I found the project very interesting but I am a bit concerned about the responses on the security topic. Responses like, nobody will find out, which is the probability that somebody? who will want to...

I remember the same thing when 802.11 Wifi protocol entered the computing arena and I remember too how the Wardriving fenomenon exploded.

The adventage of mysensors (its easy setup) it is also a drawback from security point of view. In not so many time, I am sure that some "mobile" gateways/controllers will appear, maybe built over raspberry pis that will allow you patrolling cities with your car, searching or scanning for sensors to control.

I started some years ago exploring the Software Defined Radio world and you may be amazed on the quantity o fthings being hacked, you only have to google that. The tink about this is that the effort in resarch you have to do is totatlly null. You only have to google a bit and you find a project on github (like RTL_433) and a usb dongle for 10$ which allows you to sniff the sensors of nearby oregon devices (no knowledge is needed).

There are other works which show how to open cars, or garage doors, and despite there is not a lot of people investigating, there is a lot of work you can download and use. As a matter of fact, Kali linux (a penetration testing linux distribution) is incorporating these tools in its tool arsenal as being more popular amongst hackers/pentesters.

When somebody says that it will be dificult to retro-enginer the protocols, well... Lets look at the following links (and take into account this people is giving to anyone the software they are implementing):

• http://www.windytan.com/2013/11/broadcast-messages-on-darc-side.html
• http://www.windytan.com/2014/02/mystery-signal-from-helicopter.html
• http://hackaday.com/2013/03/14/stealing-cars-and-ringing-doorbells-with-radio/
• http://hackaday.com/2014/12/11/over-engineering-ding-dong-ditch/
• http://www.tomsguide.com/us/wireless-hacking-sdr,news-19308.html

I am agree that the project shall focus on functionality at first, it is good to start having things working first, but for me, is not acceptable having security in the project roadmap and in the top level architecture. Future fields in the messages have to be taken into account, first ideas of arduino variants with a hardware encryption engine have to be taken into account.

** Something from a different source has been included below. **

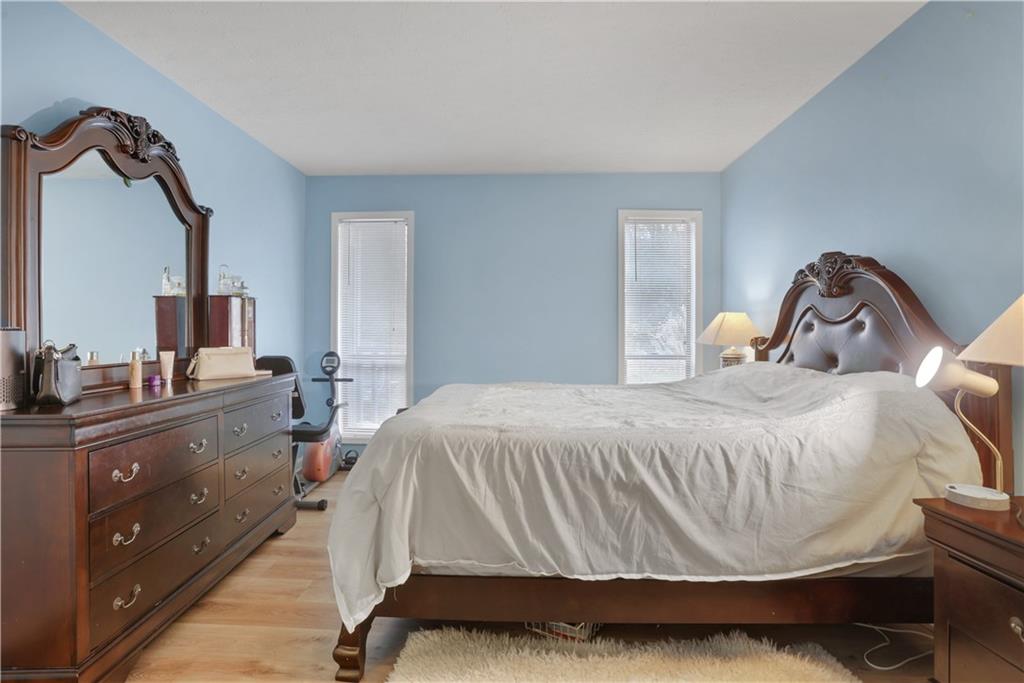 3843 Woodridge Way Unit 3843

I was already making some projects at home with arduino and NRF24L01+ and I found mysensors quite interesting. First thing I thouught was that I would be able to escalate the number of sensors/actuators very fast with the provided infrastrutcure. However, I will not use it at the moment, because escalating the number of sensors and actuators in my house using that stuff, will also increase the severity of the consecuences if somebody palys with it.

I found the project very interesting but I am a bit concerned about the responses on the security topic. Responses like, nobody will find out, which is the probability that somebody? who will want to...

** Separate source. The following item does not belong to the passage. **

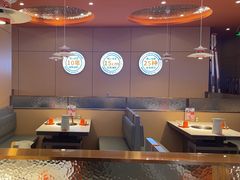 -李想大虾(江北天街店)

I remember the same thing when 802.11 Wifi protocol entered the computing arena and I remember too how the Wardriving fenomenon exploded.

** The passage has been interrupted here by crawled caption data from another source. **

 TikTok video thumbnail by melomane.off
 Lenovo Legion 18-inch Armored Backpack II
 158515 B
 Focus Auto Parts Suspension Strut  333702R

The adventage of mysensors (its easy setup) it is also a drawback from security point of view. In not so many time, I am sure that some "mobile" gateways/controllers will appear, maybe built over raspberry pis that will allow you patrolling cities with your car, searching or scanning for sensors to control.

I started some years ago exploring the Software Defined Radio world and you may be amazed on the quantity o fthings being hacked, you only have to google that. The tink about this is that the effort in resarch you have to do is totatlly null. You only have to google a bit and you find a project on github (like RTL_433) and a usb dongle for 10$ which allows you to sniff the sensors of nearby oregon devices (no knowledge is needed).

There are other works which show how to open cars, or garage doors, and despite there is not a lot of people investigating, there is a lot of work you can download and use. As a matter of fact, Kali linux (a penetration testing linux distribution) is incorporating these tools in its tool arsenal as being more popular amongst hackers/pentesters.

When somebody says that it will be dificult to retro-enginer the protocols, well... Lets look at the following links (and take into account this people is giving to anyone the software they are implementing):

• http://www.windytan.com/2013/11/broadcast-messages-on-darc-side.html
• http://www.windytan.com/2014/02/mystery-signal-from-helicopter.html
• http://hackaday.com/2013/03/14/stealing-cars-and-ringing-doorbells-with-radio/
• http://hackaday.com/2014/12/11/over-engineering-ding-dong-ditch/
• http://www.tomsguide.com/us/wireless-hacking-sdr,news-19308.html

I am agree that the project shall focus on functionality at first, it is good to start having things working first, but for me, is not acceptable having security in the project roadmap and in the top level architecture. Future fields in the messages have to be taken into account, first ideas of arduino variants with a hardware encryption engine have to be taken into account.

I was already making some projects at home with arduino and NRF24L01+ and I found mysensors quite interesting. First thing I thouught was that I would be able to escalate the number of sensors/actuators very fast with the provided infrastrutcure. However, I will not use it at the moment, because escalating the number of sensors and actuators in my house using that stuff, will also increase the severity of the consecuences if somebody palys with it.